▶ [Problem to solve]: For this listing, reproduce the line with "Swarovski Objective Lens", the line with "بعثة الحج تسخر", and the lines between, exactly as they stand. Leave out pictures and all other lines.

▶ [Given data]:
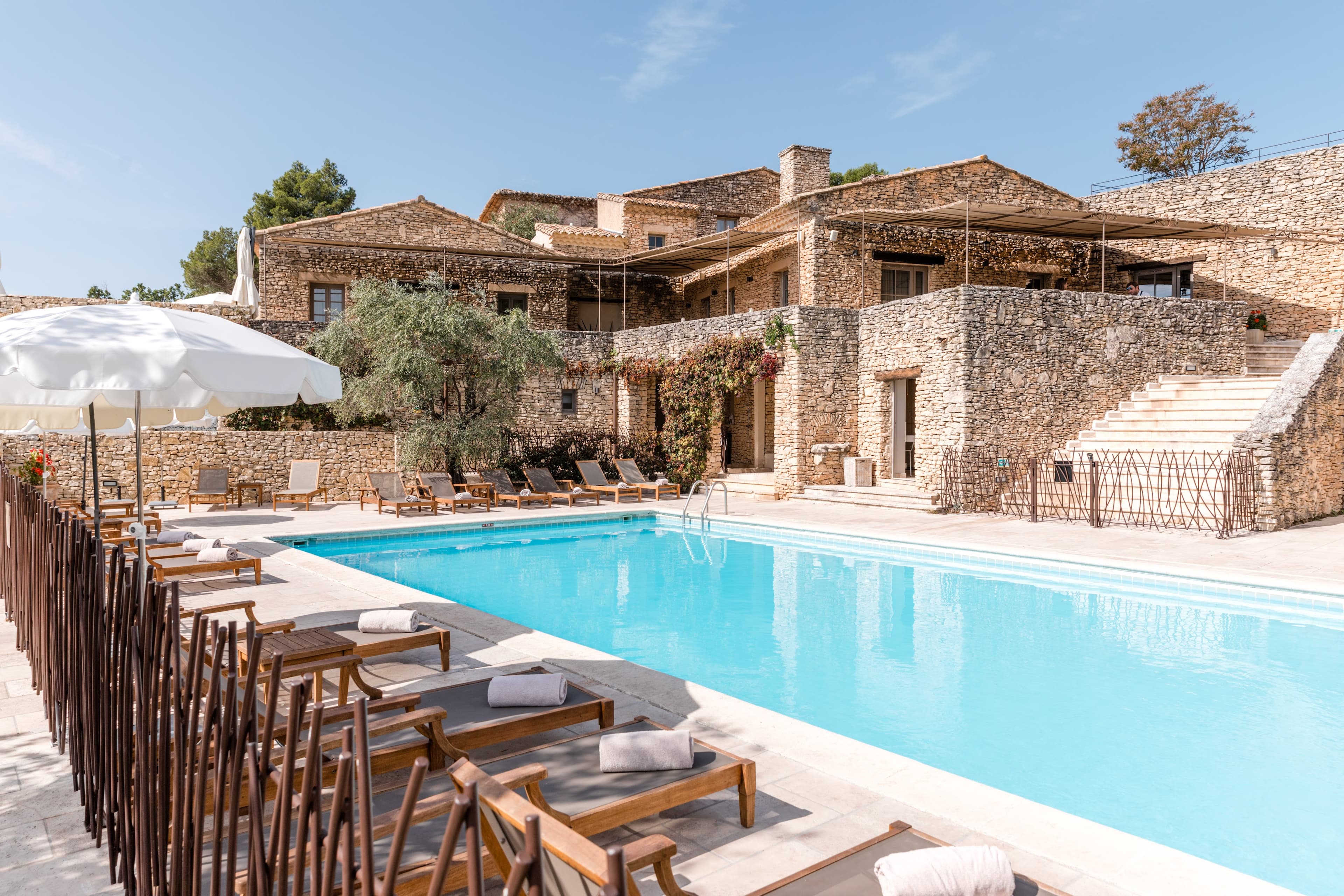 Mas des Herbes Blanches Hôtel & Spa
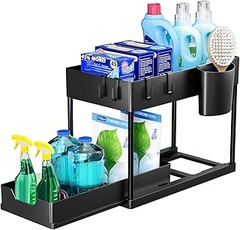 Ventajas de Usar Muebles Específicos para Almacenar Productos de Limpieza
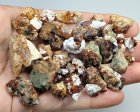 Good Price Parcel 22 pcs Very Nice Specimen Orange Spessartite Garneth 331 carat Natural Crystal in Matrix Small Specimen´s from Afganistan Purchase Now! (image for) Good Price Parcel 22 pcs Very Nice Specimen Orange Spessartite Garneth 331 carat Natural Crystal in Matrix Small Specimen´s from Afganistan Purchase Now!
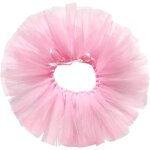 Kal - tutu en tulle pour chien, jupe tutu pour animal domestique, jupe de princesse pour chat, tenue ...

--

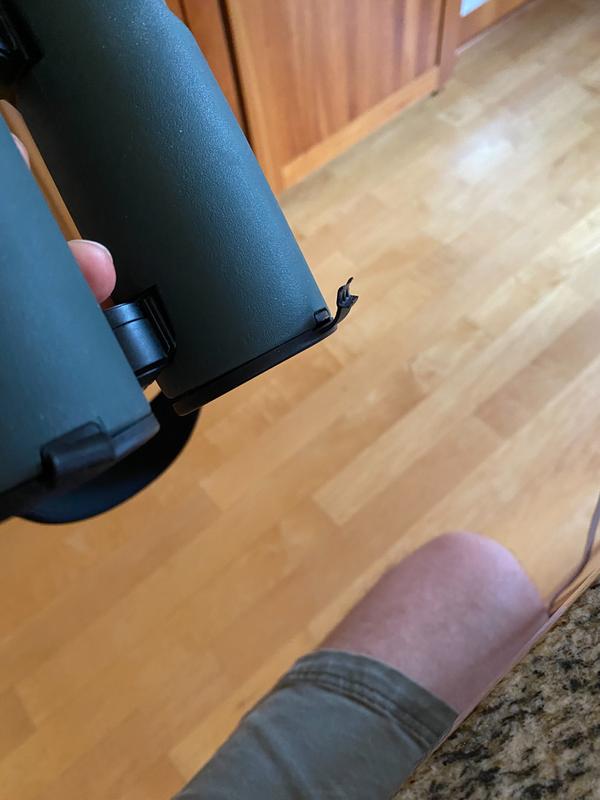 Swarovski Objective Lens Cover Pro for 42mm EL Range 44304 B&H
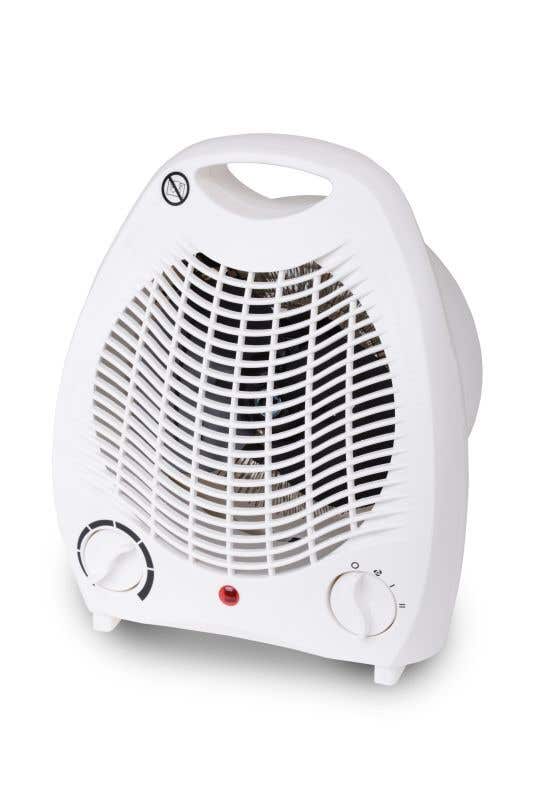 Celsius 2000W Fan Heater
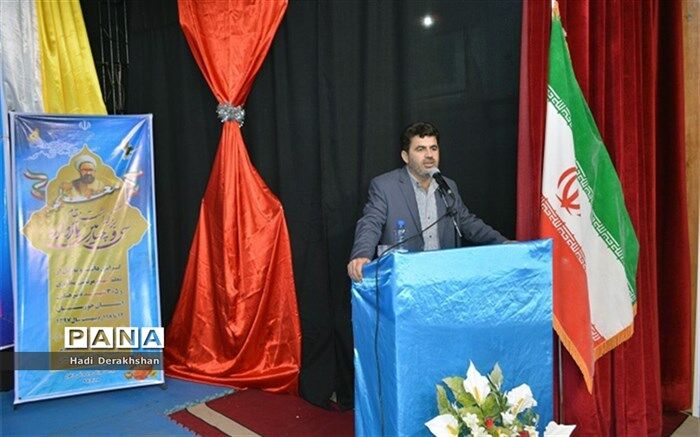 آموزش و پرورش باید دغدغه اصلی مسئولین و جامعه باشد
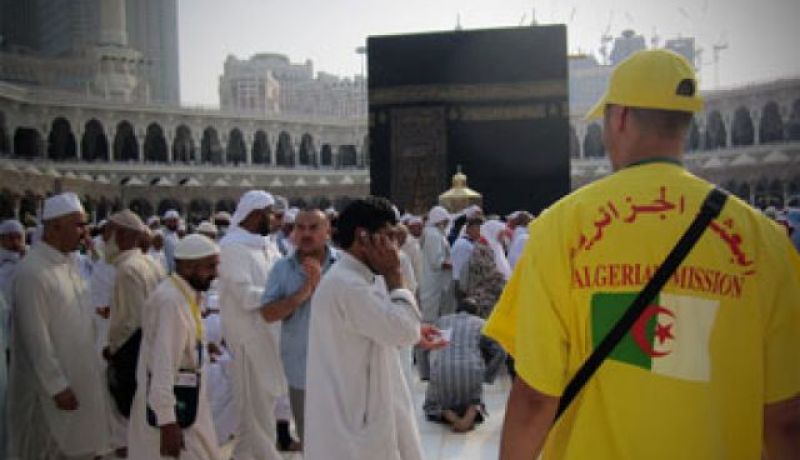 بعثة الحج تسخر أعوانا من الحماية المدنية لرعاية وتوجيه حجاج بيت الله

▶ [The completed task]:
 Swarovski Objective Lens Cover Pro for 42mm EL Range 44304 B&H
 Celsius 2000W Fan Heater
 آموزش و پرورش باید دغدغه اصلی مسئولین و جامعه باشد
 بعثة الحج تسخر أعوانا من الحماية المدنية لرعاية وتوجيه حجاج بيت الله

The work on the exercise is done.